12. NOTICES. Any notice required to be given or delivered to the
Corporation under the terms of this Agreement shall be in writing and
addressed to the Corporation at its principal corporate offices. Any notice
required to be given or delivered to Optionee shall be in writing and
addressed to Optionee at the address indicated below Optionee's signature
line on the Grant Notice. All notices shall be deemed effective upon personal
delivery or upon deposit in the U.S. mail, postage prepaid and properly
addressed to the party to be notified.
13. FINANCING. The Plan Administrator may, in its absolute
discretion and without any obligation to do so, permit Optionee to pay the
Exercise Price for the purchased Option Shares by delivering a full-recourse
promissory note payable to the Corporation. The terms of any such promissory
note (including the interest rate, the requirements for collateral and the
terms of repayment) shall be established by the Plan Administrator in its
sole discretion.
14. CONSTRUCTION. This Agreement and the option evidenced hereby
are made and granted pursuant to the Plan and are in all respects limited by
and subject to the terms of the Plan. All decisions of the Plan
Administrator with respect to any question or issue arising under the Plan or
this Agreement shall be conclusive and binding on all persons having an
interest in this option.
15. GOVERNING LAW. The interpretation, performance and
enforcement of this Agreement shall be governed by the laws of the State of
California without resort to that State's conflict-of-laws rules.

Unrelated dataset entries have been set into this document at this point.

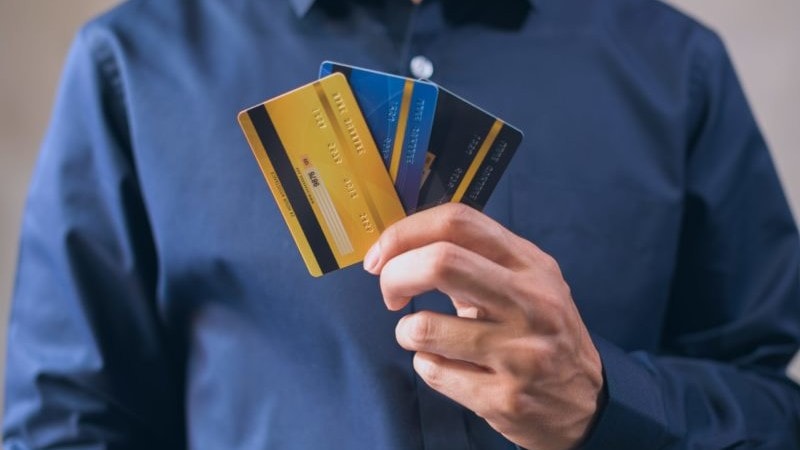 How to Use Business Debit Cards | Business Bank Cards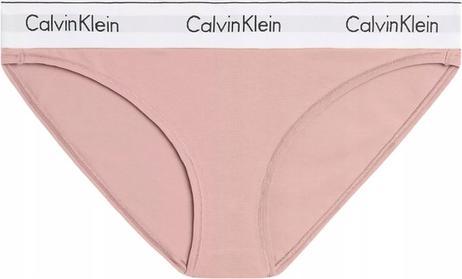 Calvin Klein Bikini (S)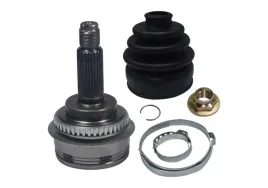 hart-przegub-zewn-impreza-1-6awd-00-09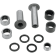 (image for) Swingarm Bearing Kit A28-1061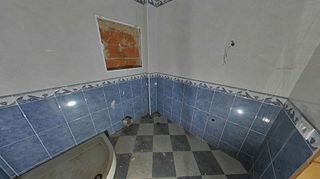 Piso en venta en Fuente del Maestre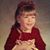 Debbie MacPherson Bazier's profile image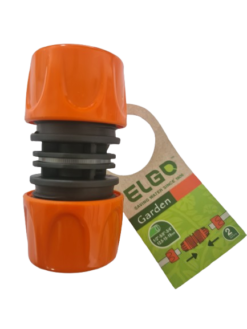 מחבר מהיר אוניברסלי LQ3 מבית אלגו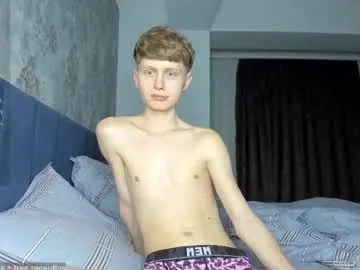 dears_pearlss – webcam model profile photo Image 10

16. EXCESS SHARES. If the Option Shares covered by this Agreement
exceed, as of the Grant Date, the number of shares of Common Stock which may
without stockholder approval be issued under the Plan, then this option shall
be void with respect to those excess shares, unless stockholder approval of
an amendment sufficiently increasing the number of shares of Common Stock
issuable under the Plan is obtained in accordance with the provisions of the
Plan.
17. ADDITIONAL TERMS APPLICABLE TO AN INCENTIVE OPTION. In the
event this option is designated an Incentive Option in the Grant Notice, the
following terms and conditions shall also apply to the grant:
(i) This option shall cease to qualify for
favorable tax treatment as an Incentive Option if (and to the extent)

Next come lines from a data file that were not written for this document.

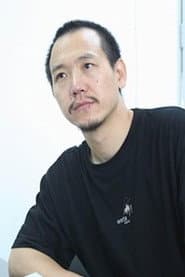 Photo of Jin Tiemu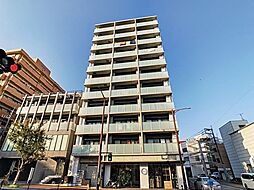 ｉＮ　ＳＨＡＰＥ大濠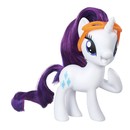 5010993329137 my little pony kucyk podstawowy b9626 rarity hasbro b8924 mimionline sklep pozna%c5%84 2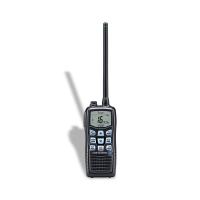 Морская носимая радиостанция Icom IC-M36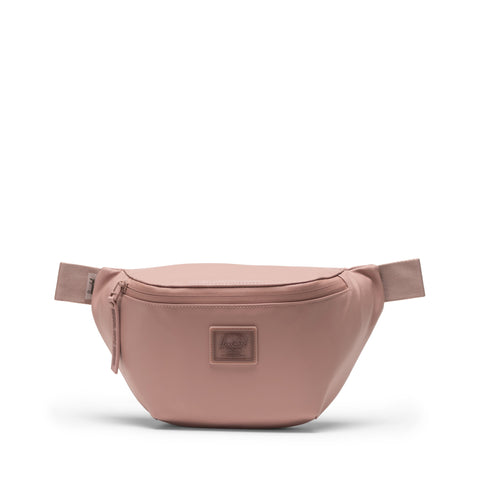 Herschel Pop Quiz | Suya Dayanıklı Kumaş Bel Çantası, 1.8 L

this option is exercised for one or more Option Shares: (A) more than
three (3) months after the date
6
<PAGE>
Optionee ceases to be an Employee for any reason other than death or
Permanent Disability or (B) more than twelve (12) months after the date
Optionee ceases to be an Employee by reason of Permanent Disability.
(ii) No installment under this option shall
qualify for favorable tax treatment as an Incentive Option if (and to
the extent) the aggregate Fair Market Value (determined at the Grant
Date) of the Common Stock for which such installment first becomes
exercisable hereunder would, when added to the aggregate value
(determined as of the respective date or dates of grant) of the Common
Stock or other securities for which this option or any other Incentive
Options granted to Optionee prior to the Grant Date (whether under the
Plan or any other option plan of the Corporation or any Parent or
Subsidiary) first become exercisable during the same calendar year,
exceed One Hundred Thousand Dollars ($100,000) in the aggregate.
Should such One Hundred Thousand Dollar ($100,000) limitation be
exceeded in any calendar year, this option shall nevertheless become
exercisable for the excess shares in such calendar year as a Non-
Statutory Option.
(iii) Should the exercisability of this option be
accelerated upon a Corporate Transaction, then this option shall
qualify for favorable tax treatment as an Incentive Option only to the
extent the aggregate Fair Market Value (determined at the Grant Date)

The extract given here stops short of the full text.